1) The Stupid Cab Driver - Please believe that whenever I'm in a country where English is not the primary language, I am respectful of that fact. And yet, there is nothing I can really do about it. So no matter how loudly someone speaks to me in a language I don't know, well, I still don't understand. Anyway, I got in a cab and asked the driver, in English, to take me to the "Art Museum." He had no idea what I was talking about, so I showed him on a map and in my tour book. Still nothing. So he started driving, pulled up, and asked someone else to help translate. The "translator" had no idea what an Art Museum was either. They both yelled at me--this English they could speak--that I was asking for something erroneously. From my map, the driver seemed to grasp where I wanted to go, but brusquely told me that "next time, I should ask for the Israel Museum," and that there wasn't anything called the Art Museum. Now, there's another museum called the Eretz Israel Museum, which I didn't want to go to, and which is nowhere near the art museum. No, the driver didn't take me there; I did get dropped where I wanted to be, in front of a building clearly labeled Tel Aviv Museum of Art. Of course, I can't clearly convey the guy's attitude, but let's just say it was a miserable experience. But it must have been my fault, getting in a cab as a tourist, asking to go to the art museum and paying whatever it cost. I'm sorry, my bad; I did deserve to be treated like garbage. Because I didn't say Israel Museum when I meant Art Museum.

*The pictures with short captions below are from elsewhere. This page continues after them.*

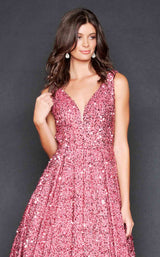 Nina Canacci 3175 Rose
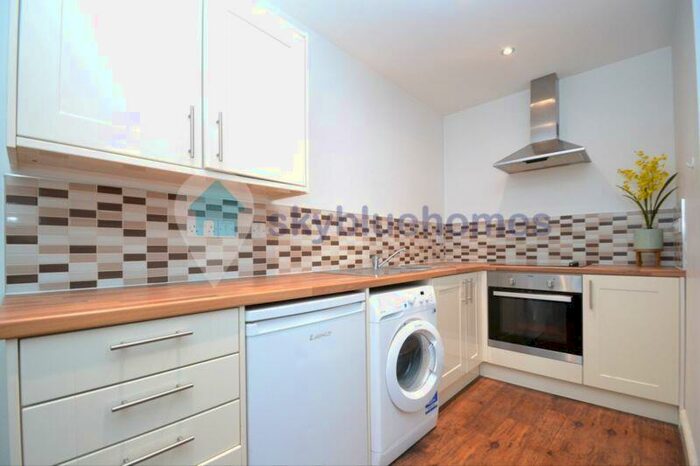 1 Bedroom Flat To Rent In Hinckley Road, Leicester, LE3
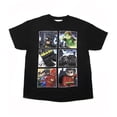 thumbnail image 1 of Playera Estampado Batman Y Super Man Movie Talla 6 LEGO 6 a 7 años LBSS0029S71, 1 of 4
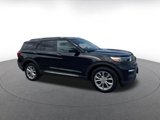Used 2024 Ford Explorer Limited image 2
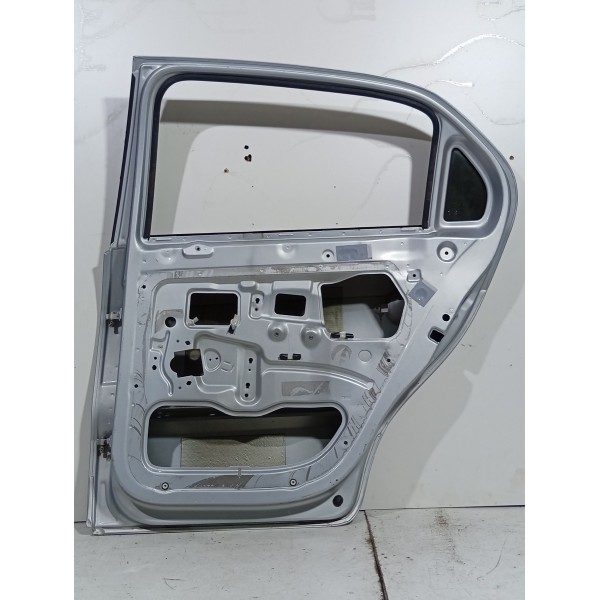 Porta Traseira Direita Volkswagen Gol 2011 A 2021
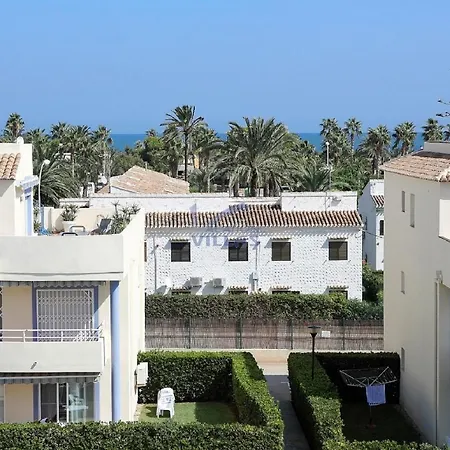 Jardines De Iii , Penthouse Apartamento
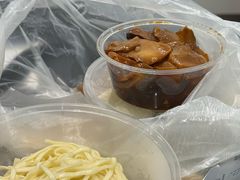 -白玉兰小吃(新村路店)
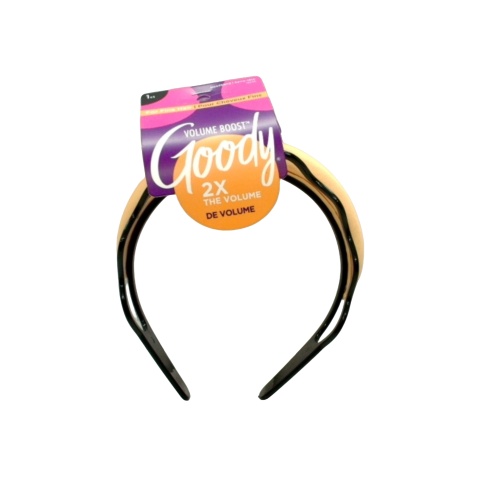 Headband 2x The Volume Goody Volume Boost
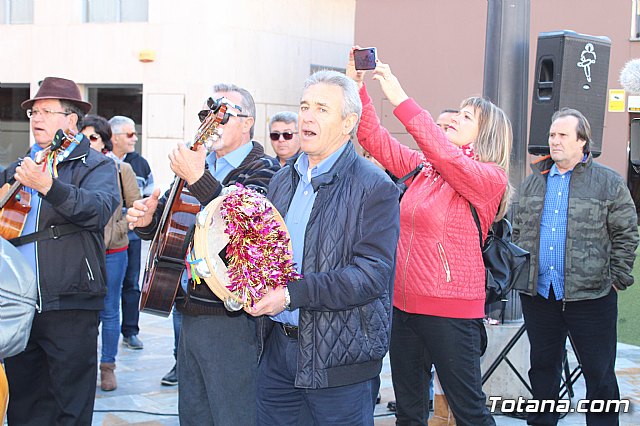 II encuentro de Cuadrillas de Pascua - Navidad 2018 - 134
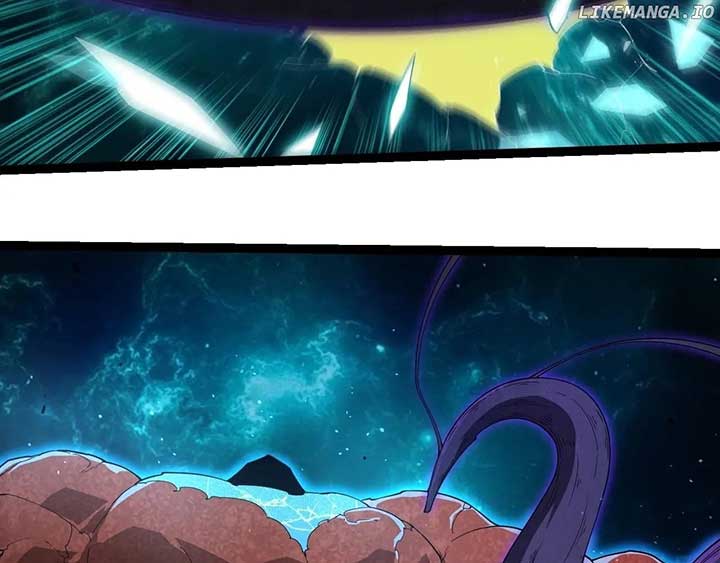 Read Evolution Begins With A Big Tree Manga Online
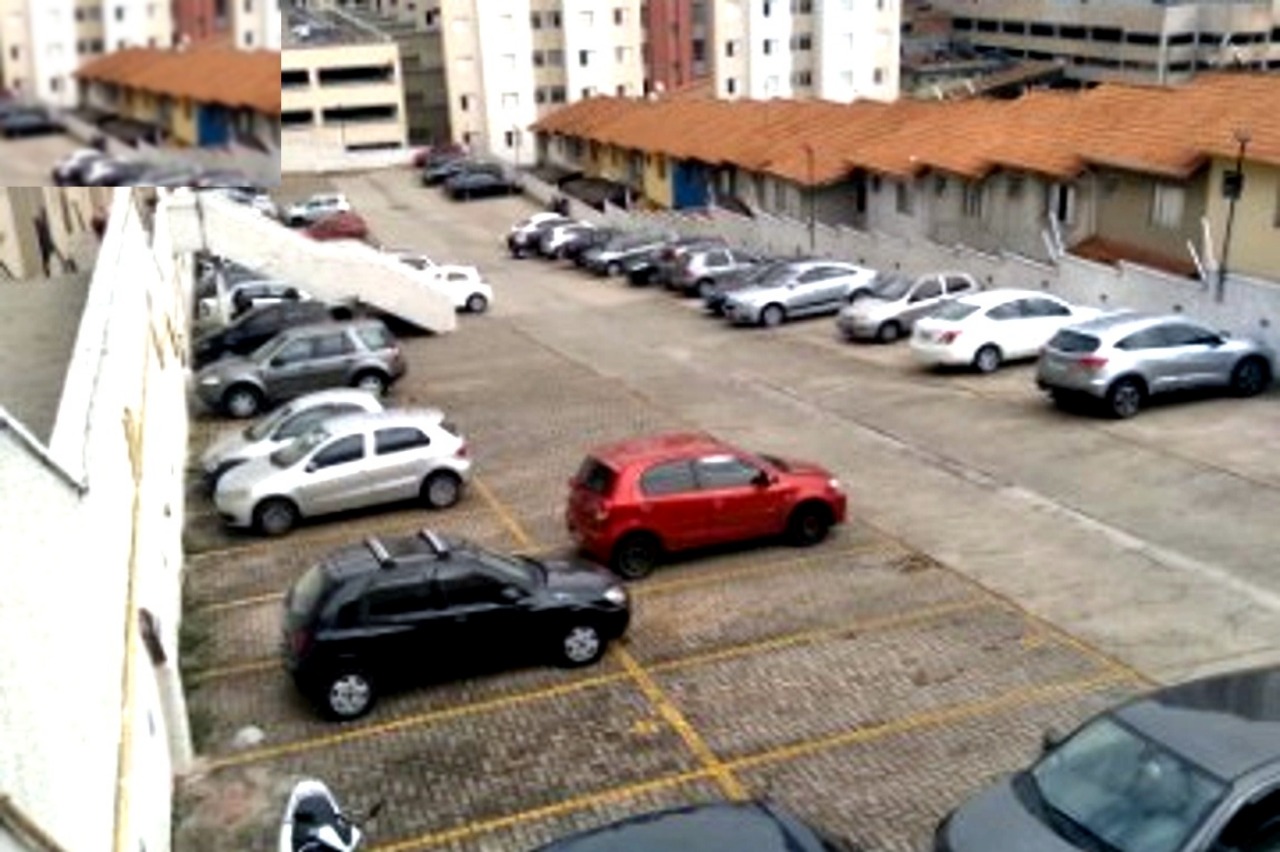 Apartamento, 3 quartos, 55 m² - Foto 30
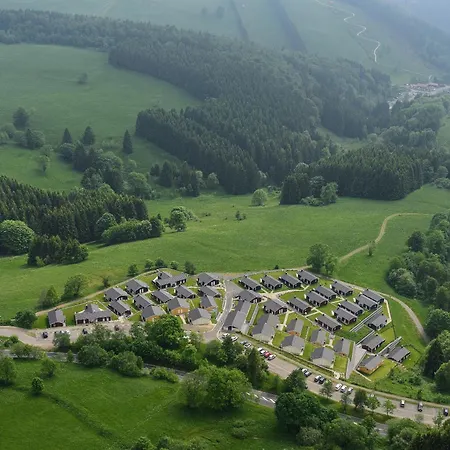 Holiday home Harzer Blick - Im Harz *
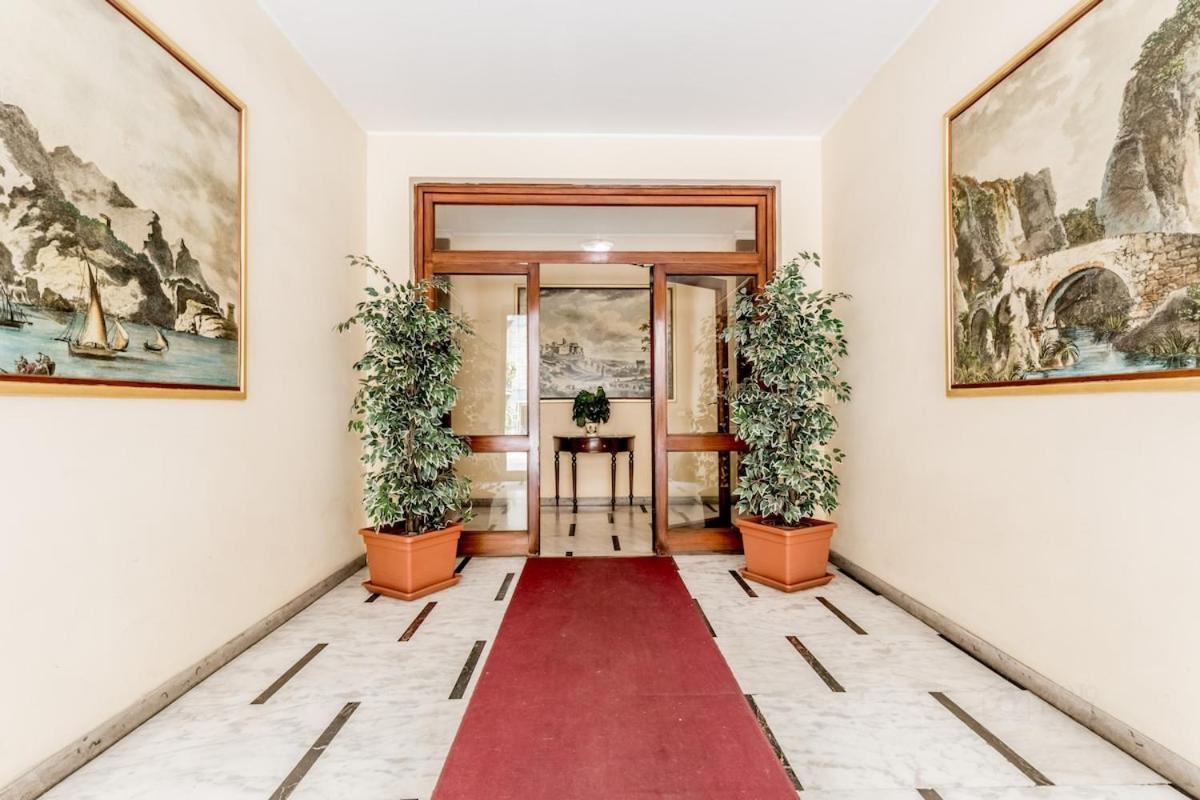 Appia Antica Apartment *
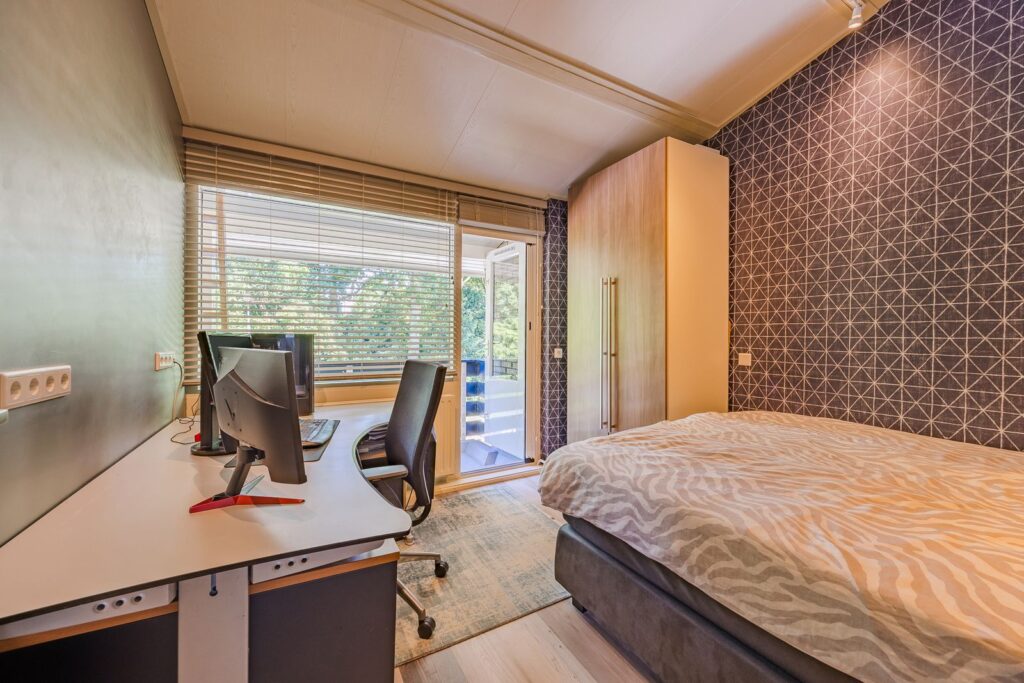 Bosveld 26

2) The Overintense Security Folks - Again, believe me, I get it. Hardcore security is vital in Israel. And I know that traveling alone, carrying a big camera bag and snapping pictures of everything, I'm an easy target for the terrorist detection handbook. So thus far, I've been through several (at the airports, at the borders) inquisitions about what I'm doing in Israel. And how do I readily explain that I simply enjoy seeing, learning about and photographing (extensively) places that are famous, attractive and/or interesting, and that this year I chose to do so in Israel. And that yes, I am traveling alone. (Actually, this is where mentioning that I have family in Rehovot has been quite helpful). Anyway, back to today. So I'm walking to the train station to go to Rehovot--where I needed to catch the 4:04 train to be met at the preset time of 4:30--and I'm crossing a bridge and see a really architecturally unique building. So of course I snap a picture. I was not in the building nor the train station; I did not use a telephoto lens. It was simply a full building exterior shot. After shuttering, a guy comes up to me and asked me why I took the picture. I said I thought it was a nice building. He told me I had to delete the photo, so I did. He then asked for my passport (he was wearing some sort of security-guy looking jacket, but was not a policeman or soldier). I gave him my passport, which he looks through and asks me why I went to Jordan. I explain the Petra tour. He also asks to see the other photos I've taken, so I show him, which are primarily many more architecturally interesting buildings. He tells me the building I photographed is a government building. He then calls another guy, who we wait about 10 minutes for. The other guy asks basically the same questions, as well as about the Egyptian visa in my passport (I thought Israel was at peace with Egypt & Jordan; heck, I'm flying El Al to Cairo). I'm worried about being detained for some nonsense, but also concerned about missing my train, as I have no easy way to call Faye from outside my hotel.

I'm pretty certain they called in my passport, and hopefully learned that I've never even gotten a speeding ticket, because they let me go on my way. And I made the 4:04 train and met the family at the other end. But this is the kind of shit that makes me think that perhaps I'm in the wrong country. Despite all the great parts of it. And days like today. Mostly.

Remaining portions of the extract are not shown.